Le mois dernier, la Hadopi a envoyé par la poste plus de 20 000 courriers aux abonnés à internet dont l’accès a été plusieurs fois utilisé pour pirater des films ou de la musique. Un record de plus qui dépasse très largement le précédent.
Les brides sont lâchées. La Haute autorité pour la diffusion des oeuvres et la protection des droits sur Internet (Hadopi) a publié ses nouveaux indicateurs chiffrés sur la riposte graduée, qui montrent une véritable explosion du nombre d’avertissements envoyés aux internautes. En juin 2015, la Commission de protection des droits (CPD) a envoyé 21 400 courriers postaux, ce qui dépasse de très loin le précédent record de juin 2013, où 15 700 LRAR avaient été envoyées.
Les courriers papiers sont envoyés par la CPD aux abonnés à internet lorsqu’au moins un premier avertissement leur a déjà été envoyé par e-mail depuis moins de 6 mois.

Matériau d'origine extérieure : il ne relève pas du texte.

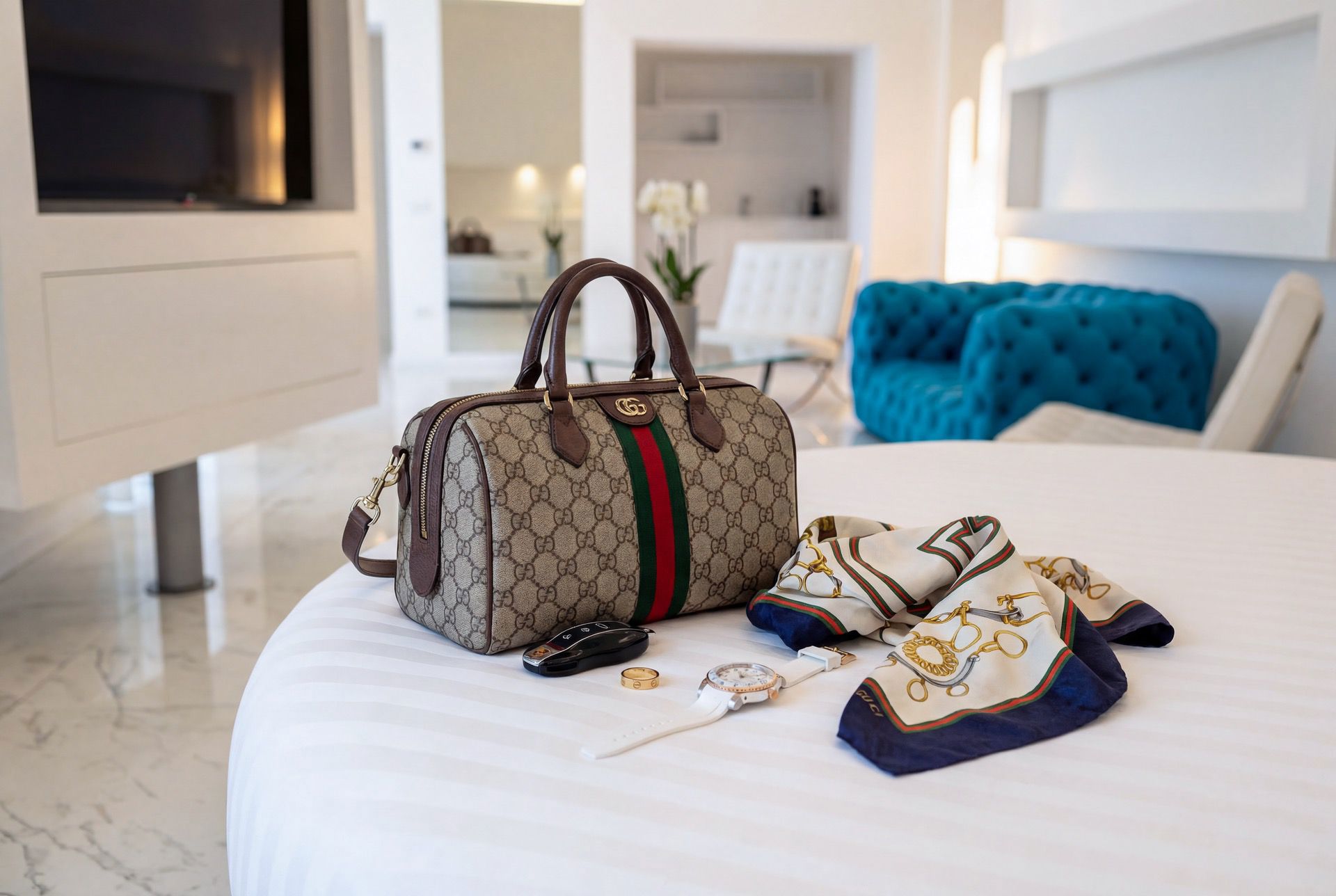 White Pearl Terrace Suite 7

Jusqu’à récemment, l’Hadopi envoyait systématiquement un courrier recommandé avec accusé de réception, suivant en cela la lettre et l’esprit des prescriptions de l’article L331-25 du code de la propriété intellectuelle, qui dit que lorsqu’elle envoie un second avertissement par e-mail, la CPD « doit assortir cette recommandation d’une lettre remise contre signature« .
Mais depuis avril, la CPD a trouvé une astuce juridique qui lui permet d’envoyer une lettre simple en suivant la lettre de la loi, mais en trahissant son esprit. Rien ne lui permet plus de prouver que la lettre d’avertissement a été reçue par l’abonné, mais l’effet psychologique devrait tout de même jouer à plein, et l’Hadopi réalise de précieuses économies de frais postaux dans un contexte budgétaire de plus en plus tendu. Pour le moment, seule une partie des avertissements sont envoyés en lettre simple. Il est donc possible, voire probable, que le nombre des courriers postaux continue à exploser.
Le nombre des avertissements par e-mail a lui aussi connu un nouveau record en ce mois de juin 2015, qui confirme une tendance générale à la hausse depuis le début de l’année. « Au premier semestre 2015, l’activité de la réponse graduée s’est intensifiée, poursuivant la montée en charge du dispositif mis en place en septembre 2010. La Commission de protection des droits de l’Hadopi traite désormais 50 % des saisines qu’elle reçoit chaque jour (contre 30% auparavant)« , explique la Haute autorité. « Cette hausse d’activité se répercute sur l’ensemble des phases de la procédure, ainsi le nombre de premières recommandations a augmenté de plus de 30% par rapport à la même période l’année dernière« .
La CPD a ainsi envoyé 231 000 courriels aux internautes français en juin 2015, ce qui représente désormais près de 4,9 millions d’avertissements adressés par e-mail depuis les débuts de la riposte graduée en octobre 2010. Malgré cela le piratage reste à un niveau très élevé, sans aucune remise en question politique de la riposte graduée qui continue à coûter plusieurs millions d’euros par an, à la fois aux contribuables et aux ayants droits.
Pouvoirs publics comme ayants-droits craignent tous que suspendre la riposte graduée enverrait aux internautes un signal de légalisation du piratage. Ils se retrouvent donc coincés à entretenir une machine à avertir qui ne sert à rien, qui n’a aucun effet tangible, et qu’ils cherchent toujours à muscler davantage dans un vain espoir de succès.
Il est même de nouveau question d’instaurer une amende en contournant le juge judiciaire, trop respectueux des droits de la défense.